*WORK INSTRUCTIONS*
Your answer is the lines below, exactly, from the one that contains "Rochberg George - Black" through the one that contains "definition of Determinants", both included.

(Beginning of INPUT FOR THIS TASK)

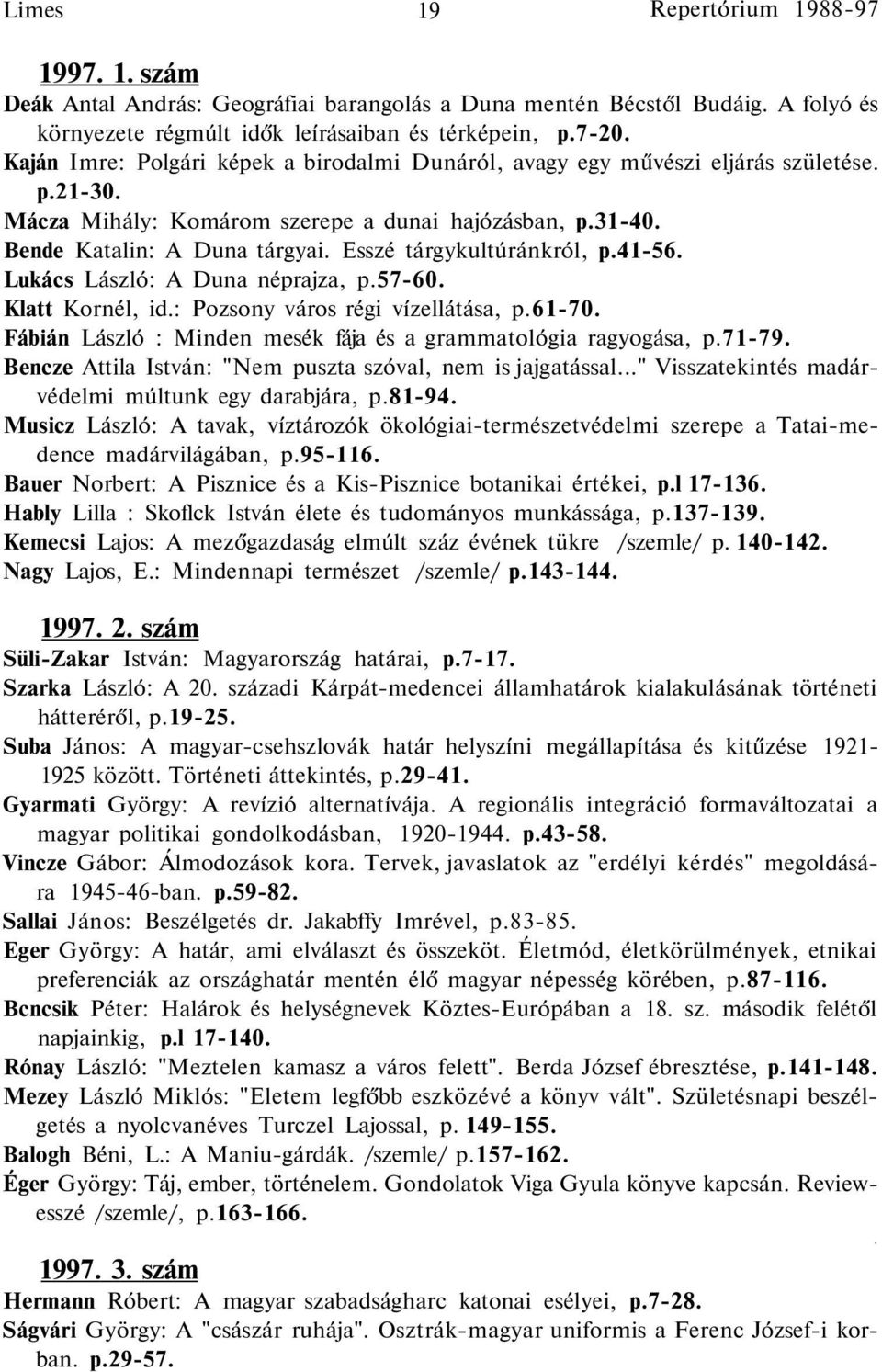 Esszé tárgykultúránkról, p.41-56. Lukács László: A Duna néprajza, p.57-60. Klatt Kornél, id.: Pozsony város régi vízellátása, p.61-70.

(End of INPUT FOR THIS TASK)
(Beginning of INPUT FOR THIS TASK)

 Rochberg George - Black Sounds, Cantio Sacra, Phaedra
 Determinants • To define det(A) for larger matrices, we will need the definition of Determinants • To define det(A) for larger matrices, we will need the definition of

(End of INPUT FOR THIS TASK)
(Beginning of INPUT FOR THIS TASK)

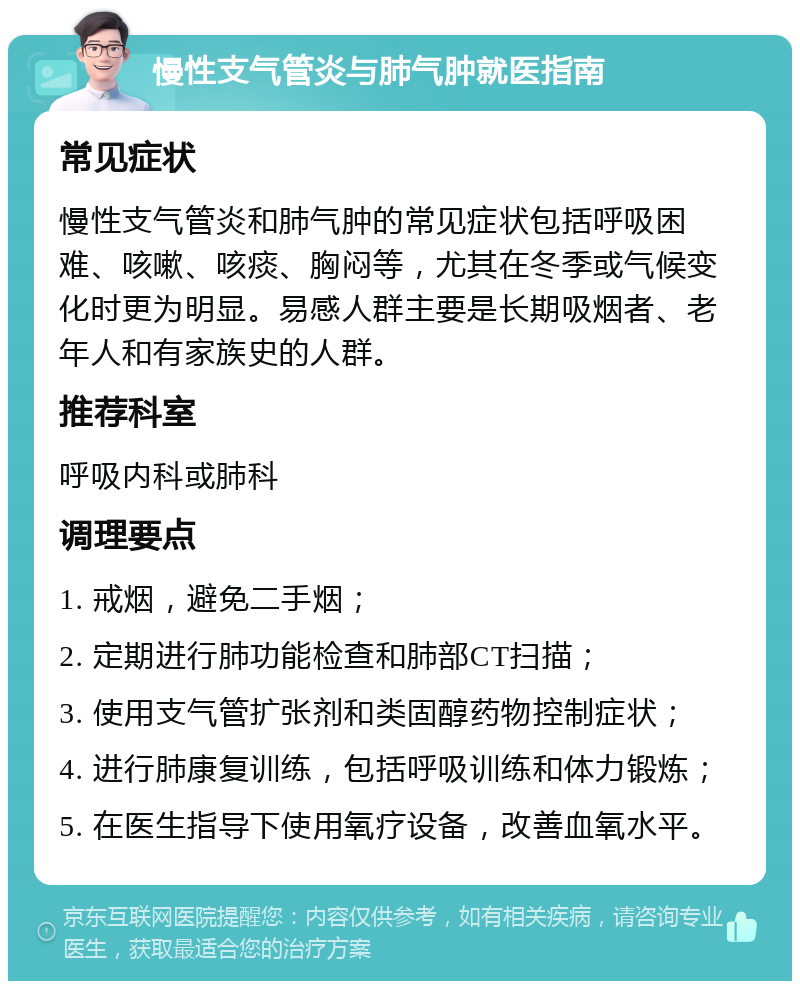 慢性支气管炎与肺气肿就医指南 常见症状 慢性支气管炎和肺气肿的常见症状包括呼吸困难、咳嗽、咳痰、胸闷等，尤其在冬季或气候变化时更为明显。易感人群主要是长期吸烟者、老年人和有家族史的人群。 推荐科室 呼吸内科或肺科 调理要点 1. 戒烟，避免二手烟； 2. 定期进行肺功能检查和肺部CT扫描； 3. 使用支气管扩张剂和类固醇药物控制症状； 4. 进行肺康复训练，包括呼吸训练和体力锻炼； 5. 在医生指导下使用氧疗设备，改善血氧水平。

(End of INPUT FOR THIS TASK)

*WRITTEN RESPONSE*
 Rochberg George - Black Sounds, Cantio Sacra, Phaedra
 Determinants • To define det(A) for larger matrices, we will need the definition of Determinants • To define det(A) for larger matrices, we will need the definition of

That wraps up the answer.